Parmesan Kale Chips

I’ve got to be honest with you guys here: I just absolutely demolished a plate of ribs. In light of that revelation, maybe I shouldn’t have just posted a picture of these kale chips on Instagram with the hashtag “meatlessmonday”…

Oops.

Oh well, we can’t all be perfect, can we?

Even so, I do believe we should strive – whenever possible – to be just that little bit closer to perfection. For me, that’s meant learning how to eat my greens more consistently, and these Parmesan Kale Chips definitely help with that goal.
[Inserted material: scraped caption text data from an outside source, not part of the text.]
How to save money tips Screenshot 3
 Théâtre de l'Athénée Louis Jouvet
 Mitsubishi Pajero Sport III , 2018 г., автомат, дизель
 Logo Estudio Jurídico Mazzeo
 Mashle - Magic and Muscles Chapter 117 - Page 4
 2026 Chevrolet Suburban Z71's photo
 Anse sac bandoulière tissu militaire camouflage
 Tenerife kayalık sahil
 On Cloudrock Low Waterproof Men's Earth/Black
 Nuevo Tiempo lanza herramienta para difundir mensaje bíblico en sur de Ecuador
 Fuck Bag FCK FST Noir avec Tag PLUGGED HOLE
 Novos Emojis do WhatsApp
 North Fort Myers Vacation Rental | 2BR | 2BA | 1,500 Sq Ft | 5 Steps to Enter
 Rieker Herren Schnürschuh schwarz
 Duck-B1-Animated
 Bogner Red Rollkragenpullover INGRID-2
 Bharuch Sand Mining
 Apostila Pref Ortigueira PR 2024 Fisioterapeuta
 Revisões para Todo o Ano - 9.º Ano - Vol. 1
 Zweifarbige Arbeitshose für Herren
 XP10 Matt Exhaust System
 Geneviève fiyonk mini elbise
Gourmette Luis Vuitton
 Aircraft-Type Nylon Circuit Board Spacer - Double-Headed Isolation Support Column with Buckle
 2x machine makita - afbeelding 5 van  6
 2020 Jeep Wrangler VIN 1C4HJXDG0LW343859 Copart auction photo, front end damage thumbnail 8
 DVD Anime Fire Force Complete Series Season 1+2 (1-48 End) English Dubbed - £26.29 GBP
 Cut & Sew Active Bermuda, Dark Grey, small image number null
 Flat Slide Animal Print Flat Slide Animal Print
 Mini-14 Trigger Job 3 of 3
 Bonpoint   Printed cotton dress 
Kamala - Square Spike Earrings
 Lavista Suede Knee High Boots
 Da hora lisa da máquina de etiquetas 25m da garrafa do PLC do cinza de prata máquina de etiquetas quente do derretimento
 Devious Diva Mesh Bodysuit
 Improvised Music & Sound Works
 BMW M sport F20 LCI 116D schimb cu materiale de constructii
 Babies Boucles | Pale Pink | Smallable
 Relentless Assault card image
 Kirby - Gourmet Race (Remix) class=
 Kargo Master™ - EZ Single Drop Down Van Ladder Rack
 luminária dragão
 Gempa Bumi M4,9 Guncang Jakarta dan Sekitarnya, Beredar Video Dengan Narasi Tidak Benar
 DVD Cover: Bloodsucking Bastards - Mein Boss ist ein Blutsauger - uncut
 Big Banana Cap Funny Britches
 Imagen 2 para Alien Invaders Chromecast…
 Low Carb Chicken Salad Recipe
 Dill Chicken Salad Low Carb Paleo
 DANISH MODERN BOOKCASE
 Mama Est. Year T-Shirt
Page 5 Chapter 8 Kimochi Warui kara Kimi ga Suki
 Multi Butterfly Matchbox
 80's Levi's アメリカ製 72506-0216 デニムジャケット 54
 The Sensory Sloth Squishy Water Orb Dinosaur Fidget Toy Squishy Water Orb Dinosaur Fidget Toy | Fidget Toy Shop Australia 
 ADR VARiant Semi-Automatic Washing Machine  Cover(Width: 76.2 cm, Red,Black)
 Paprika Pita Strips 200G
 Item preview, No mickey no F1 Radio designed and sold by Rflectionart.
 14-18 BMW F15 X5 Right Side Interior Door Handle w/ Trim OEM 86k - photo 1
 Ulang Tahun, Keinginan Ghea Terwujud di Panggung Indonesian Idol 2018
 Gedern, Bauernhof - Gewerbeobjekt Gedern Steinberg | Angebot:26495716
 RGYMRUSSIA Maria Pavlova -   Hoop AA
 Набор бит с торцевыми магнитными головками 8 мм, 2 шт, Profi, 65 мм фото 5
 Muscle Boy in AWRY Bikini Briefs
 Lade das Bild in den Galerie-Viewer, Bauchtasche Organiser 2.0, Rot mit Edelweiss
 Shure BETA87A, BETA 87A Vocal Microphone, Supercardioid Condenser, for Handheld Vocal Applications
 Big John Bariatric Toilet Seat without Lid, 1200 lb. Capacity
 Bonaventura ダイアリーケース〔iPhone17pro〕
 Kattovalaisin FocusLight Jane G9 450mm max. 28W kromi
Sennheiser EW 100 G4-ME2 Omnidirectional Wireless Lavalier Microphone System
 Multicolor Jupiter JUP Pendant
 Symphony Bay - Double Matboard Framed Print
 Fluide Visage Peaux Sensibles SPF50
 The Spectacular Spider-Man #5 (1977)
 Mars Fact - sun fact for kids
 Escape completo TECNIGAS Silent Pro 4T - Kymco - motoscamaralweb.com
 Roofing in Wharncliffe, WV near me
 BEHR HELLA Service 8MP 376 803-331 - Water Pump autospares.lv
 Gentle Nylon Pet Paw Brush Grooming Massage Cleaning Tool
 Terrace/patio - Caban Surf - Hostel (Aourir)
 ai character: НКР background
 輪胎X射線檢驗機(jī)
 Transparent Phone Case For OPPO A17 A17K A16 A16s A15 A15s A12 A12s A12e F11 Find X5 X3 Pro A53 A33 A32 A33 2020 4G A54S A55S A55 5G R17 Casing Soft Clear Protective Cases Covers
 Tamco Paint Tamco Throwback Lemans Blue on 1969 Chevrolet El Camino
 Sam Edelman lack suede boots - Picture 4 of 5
By no means did I think I would enjoy kale chips when I first considered trying them, but I was rewarded quite generously for my adventurousness.

Seriously, if you haven’t tried kale chips, you owe it to yourself to try them at least once. When done right (cooked until crispy, but not burnt), they taste both delicious and (somewhat) healthy. Obviously adding oil and parmesan to your greens isn’t something you’ll always want to do, but as they say, “everything in moderation”, right?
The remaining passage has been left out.